__TASK INSTRUCTIONS__
An accurate, complete copy of the records below is required.
=== Section Start ===
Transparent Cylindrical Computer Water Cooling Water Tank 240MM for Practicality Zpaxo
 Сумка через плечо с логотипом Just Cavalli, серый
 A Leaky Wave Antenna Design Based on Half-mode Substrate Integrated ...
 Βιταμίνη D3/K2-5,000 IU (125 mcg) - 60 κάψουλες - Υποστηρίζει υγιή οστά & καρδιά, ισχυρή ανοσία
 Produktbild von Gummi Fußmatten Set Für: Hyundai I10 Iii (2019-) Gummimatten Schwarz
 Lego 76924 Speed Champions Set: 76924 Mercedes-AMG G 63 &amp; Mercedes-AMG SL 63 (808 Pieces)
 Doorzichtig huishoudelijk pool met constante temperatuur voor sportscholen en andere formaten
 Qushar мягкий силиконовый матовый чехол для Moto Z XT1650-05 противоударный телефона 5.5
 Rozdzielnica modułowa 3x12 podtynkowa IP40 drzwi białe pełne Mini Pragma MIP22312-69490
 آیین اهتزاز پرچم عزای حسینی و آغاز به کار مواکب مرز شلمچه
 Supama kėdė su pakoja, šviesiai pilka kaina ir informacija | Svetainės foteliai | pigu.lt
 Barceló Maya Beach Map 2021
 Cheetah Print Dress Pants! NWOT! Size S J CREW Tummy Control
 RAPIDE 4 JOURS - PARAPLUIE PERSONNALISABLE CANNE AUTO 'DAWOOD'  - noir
=== Section End ===
__ANSWER TO THIS PROBLEM__
Transparent Cylindrical Computer Water Cooling Water Tank 240MM for Practicality Zpaxo
 Сумка через плечо с логотипом Just Cavalli, серый
 A Leaky Wave Antenna Design Based on Half-mode Substrate Integrated ...
 Βιταμίνη D3/K2-5,000 IU (125 mcg) - 60 κάψουλες - Υποστηρίζει υγιή οστά & καρδιά, ισχυρή ανοσία
 Produktbild von Gummi Fußmatten Set Für: Hyundai I10 Iii (2019-) Gummimatten Schwarz
 Lego 76924 Speed Champions Set: 76924 Mercedes-AMG G 63 &amp; Mercedes-AMG SL 63 (808 Pieces)
 Doorzichtig huishoudelijk pool met constante temperatuur voor sportscholen en andere formaten
 Qushar мягкий силиконовый матовый чехол для Moto Z XT1650-05 противоударный телефона 5.5
 Rozdzielnica modułowa 3x12 podtynkowa IP40 drzwi białe pełne Mini Pragma MIP22312-69490
 آیین اهتزاز پرچم عزای حسینی و آغاز به کار مواکب مرز شلمچه
 Supama kėdė su pakoja, šviesiai pilka kaina ir informacija | Svetainės foteliai | pigu.lt
 Barceló Maya Beach Map 2021
 Cheetah Print Dress Pants! NWOT! Size S J CREW Tummy Control
 RAPIDE 4 JOURS - PARAPLUIE PERSONNALISABLE CANNE AUTO 'DAWOOD'  - noir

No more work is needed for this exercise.